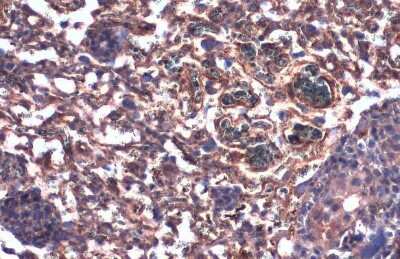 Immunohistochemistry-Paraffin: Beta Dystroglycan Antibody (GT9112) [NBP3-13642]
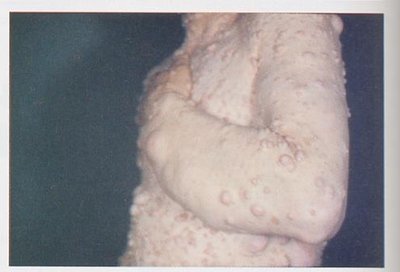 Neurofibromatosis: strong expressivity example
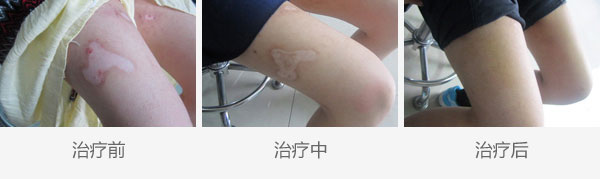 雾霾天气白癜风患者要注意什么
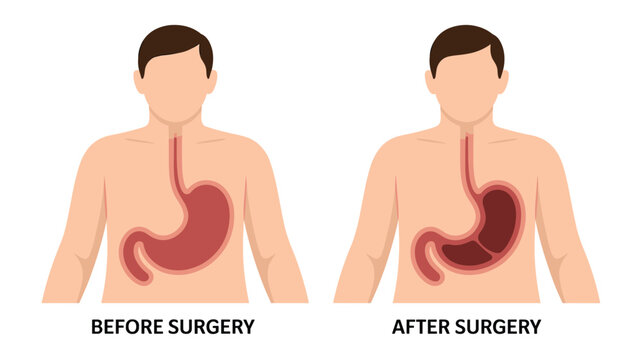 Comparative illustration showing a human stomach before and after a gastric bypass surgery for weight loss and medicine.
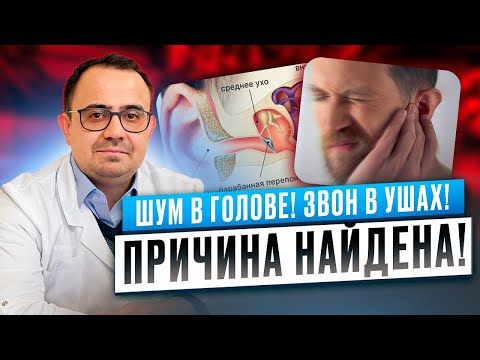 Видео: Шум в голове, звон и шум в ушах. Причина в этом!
================
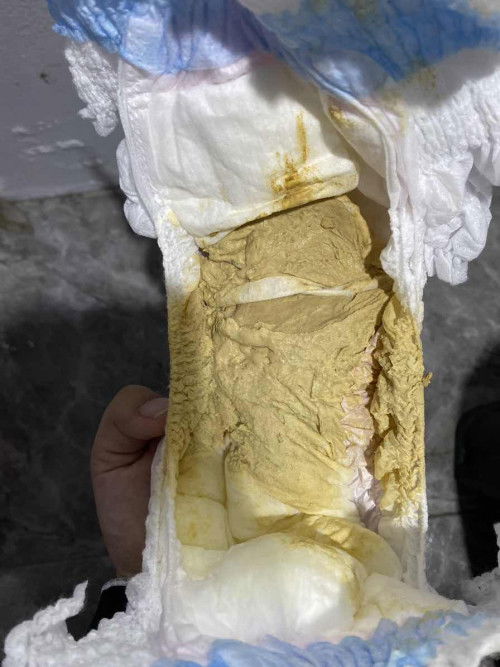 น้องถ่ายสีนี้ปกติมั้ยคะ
================
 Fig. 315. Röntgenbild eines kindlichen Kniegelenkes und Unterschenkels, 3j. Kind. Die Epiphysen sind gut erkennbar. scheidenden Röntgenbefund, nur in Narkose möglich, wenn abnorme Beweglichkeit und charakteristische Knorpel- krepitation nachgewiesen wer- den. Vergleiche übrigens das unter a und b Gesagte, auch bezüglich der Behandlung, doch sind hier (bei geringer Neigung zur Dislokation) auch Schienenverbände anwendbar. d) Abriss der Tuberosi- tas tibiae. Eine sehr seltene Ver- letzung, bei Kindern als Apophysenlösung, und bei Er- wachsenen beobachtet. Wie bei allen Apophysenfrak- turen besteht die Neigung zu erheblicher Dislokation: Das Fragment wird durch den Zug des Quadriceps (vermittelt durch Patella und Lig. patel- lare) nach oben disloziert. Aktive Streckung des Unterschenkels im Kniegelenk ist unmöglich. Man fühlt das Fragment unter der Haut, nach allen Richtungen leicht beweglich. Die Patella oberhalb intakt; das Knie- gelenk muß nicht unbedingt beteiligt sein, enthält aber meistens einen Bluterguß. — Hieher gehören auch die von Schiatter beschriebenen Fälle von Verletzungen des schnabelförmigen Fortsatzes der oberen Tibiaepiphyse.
================
Drop the pictures; return the lines above from the line containing "雾霾天气白癜风患者要注意什么" to the line containing "Видео: Шум в", both included, exactly.

 雾霾天气白癜风患者要注意什么
 Comparative illustration showing a human stomach before and after a gastric bypass surgery for weight loss and medicine.
 Видео: Шум в голове, звон и шум в ушах. Причина в этом!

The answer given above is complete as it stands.